──────── EXERCISE DATA ────────

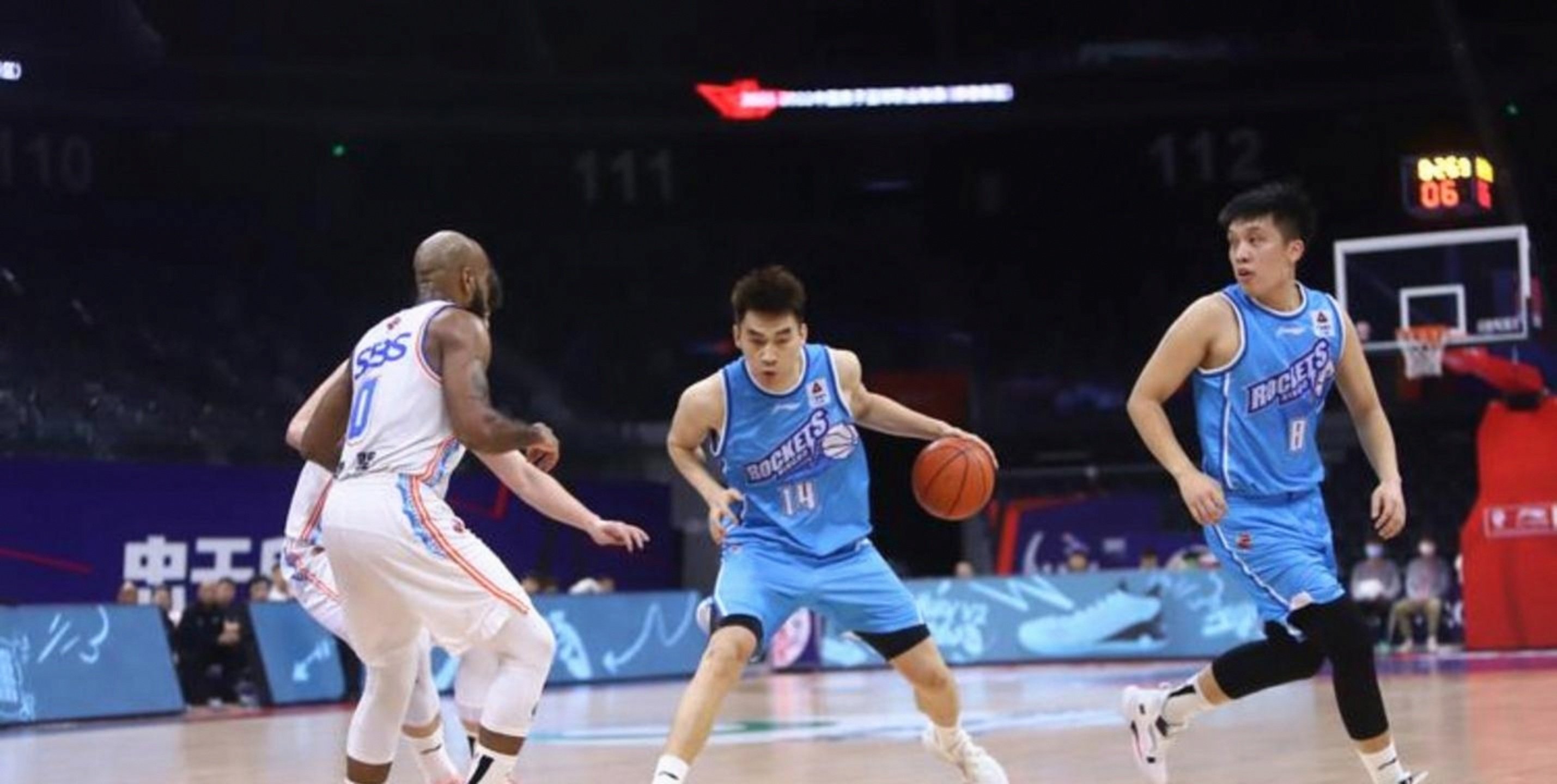 包含今晚克里夫兰骑士回应争议今夜深圳男篮单刀错失，尤文图斯国际比赛日手感冰凉看傻球迷的词条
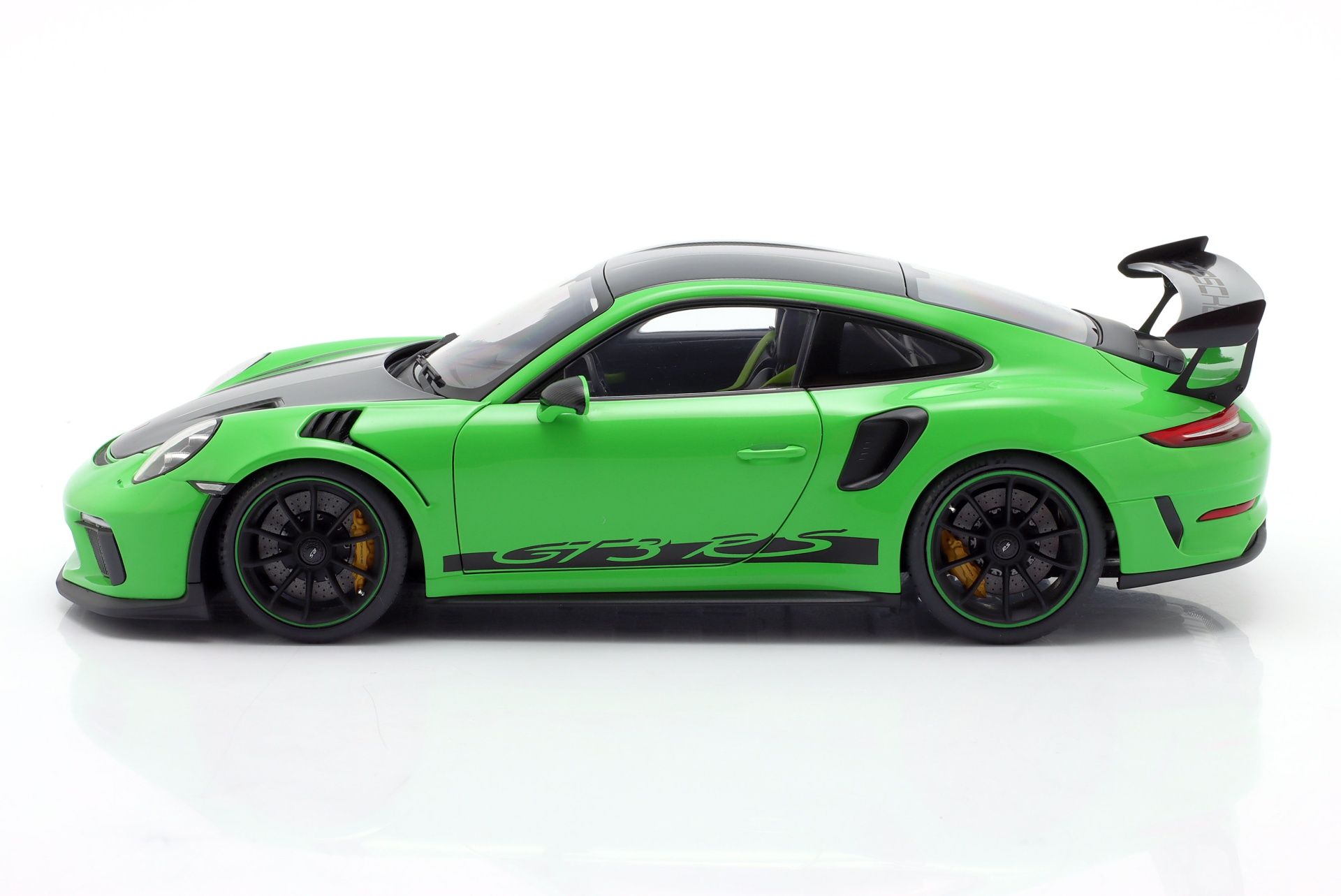 Porsche 911 (991 II) GT3 RS Weissach-Paket 2017 lizardgr&uuml;n  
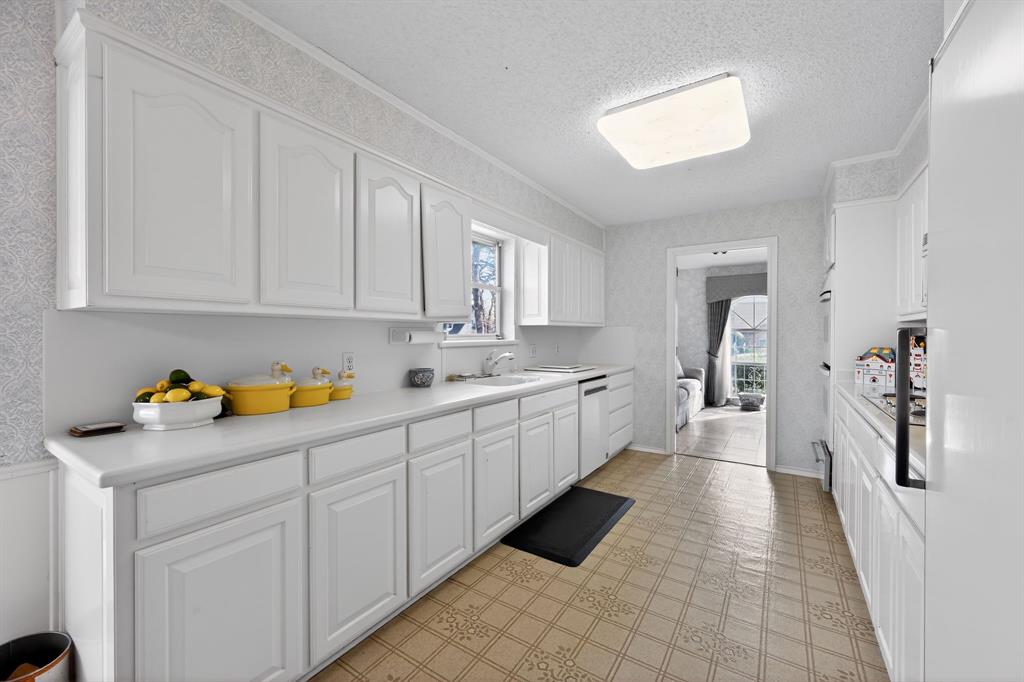 Castle Oaks Add - Residential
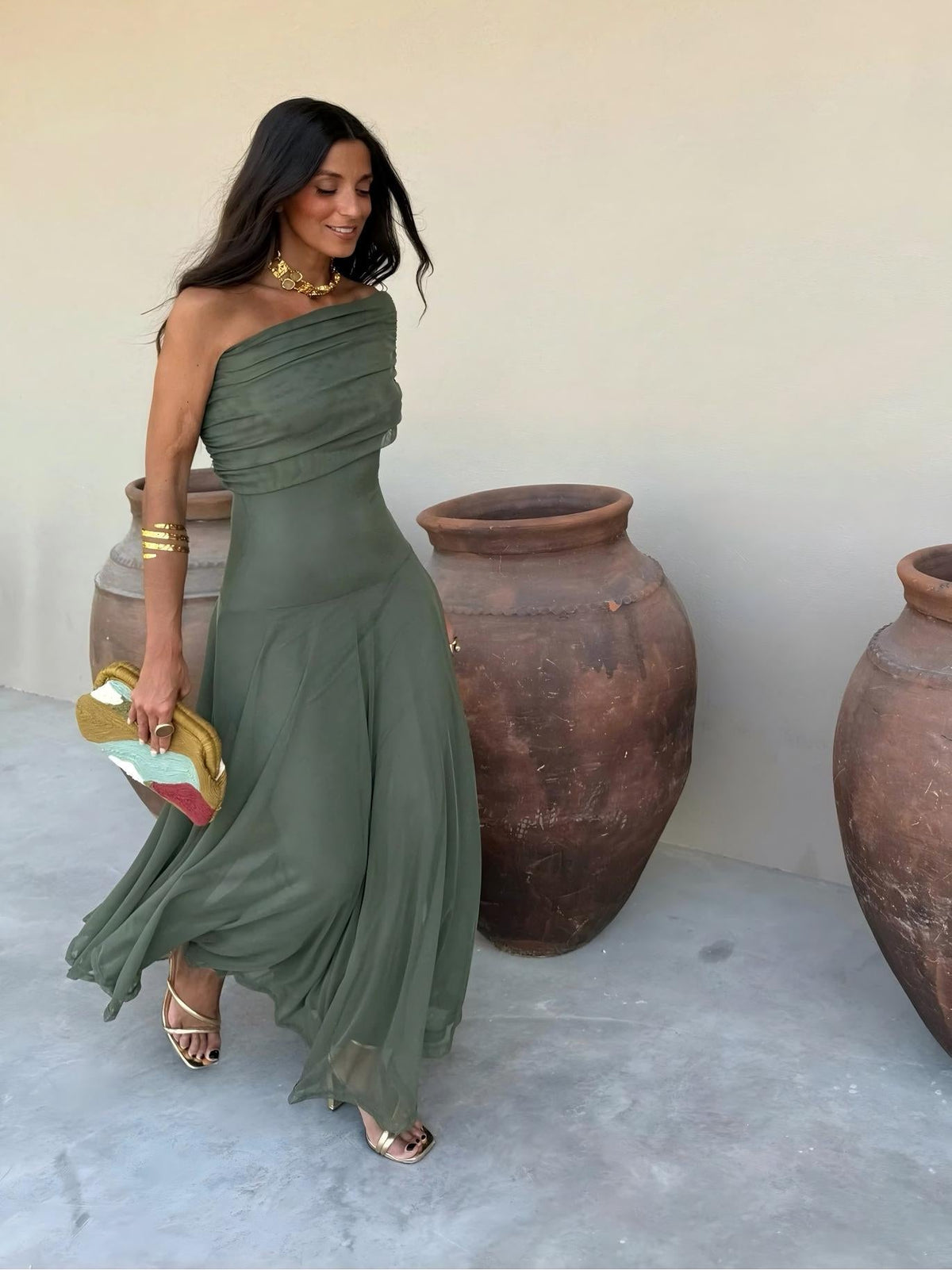 Vestido Largo Toledo de Gasa con Hombro Descubierto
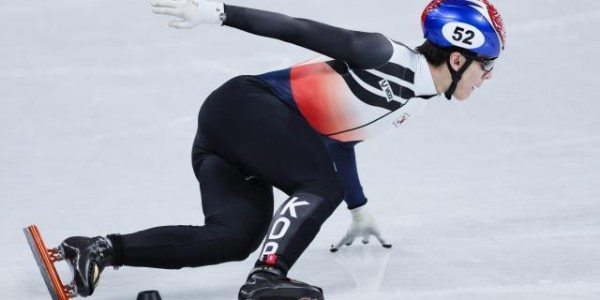 开云-男子1000米“抓马”频出 任子威刘少昂如何看判罚？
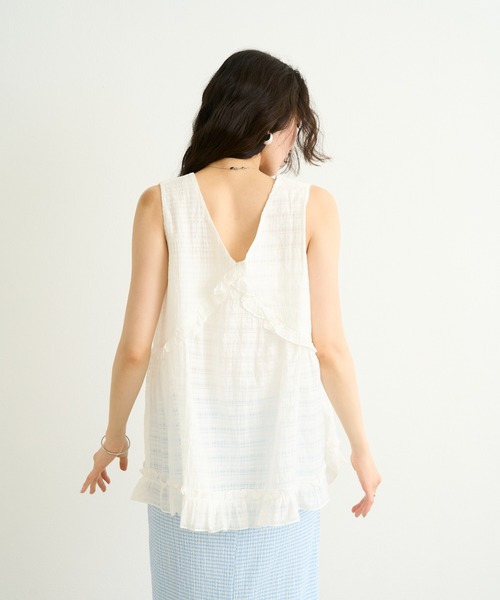 Lutim by u（ルチバイユー）の「ニュアンスチェックフリルデザインチュニック（シャツ/ブラウス・レディース・ブラック/グレー/オフホワイト・FREE）」の4枚目の写真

────────

→ **HOW TO COMPLETE THIS TASK**: A word-for-word copy of the records is needed, with no pictures carried over.

→ **EXPECTED ANSWER**:
 包含今晚克里夫兰骑士回应争议今夜深圳男篮单刀错失，尤文图斯国际比赛日手感冰凉看傻球迷的词条
 Porsche 911 (991 II) GT3 RS Weissach-Paket 2017 lizardgr&uuml;n  
 Castle Oaks Add - Residential
 Vestido Largo Toledo de Gasa con Hombro Descubierto
 开云-男子1000米“抓马”频出 任子威刘少昂如何看判罚？
 Lutim by u（ルチバイユー）の「ニュアンスチェックフリルデザインチュニック（シャツ/ブラウス・レディース・ブラック/グレー/オフホワイト・FREE）」の4枚目の写真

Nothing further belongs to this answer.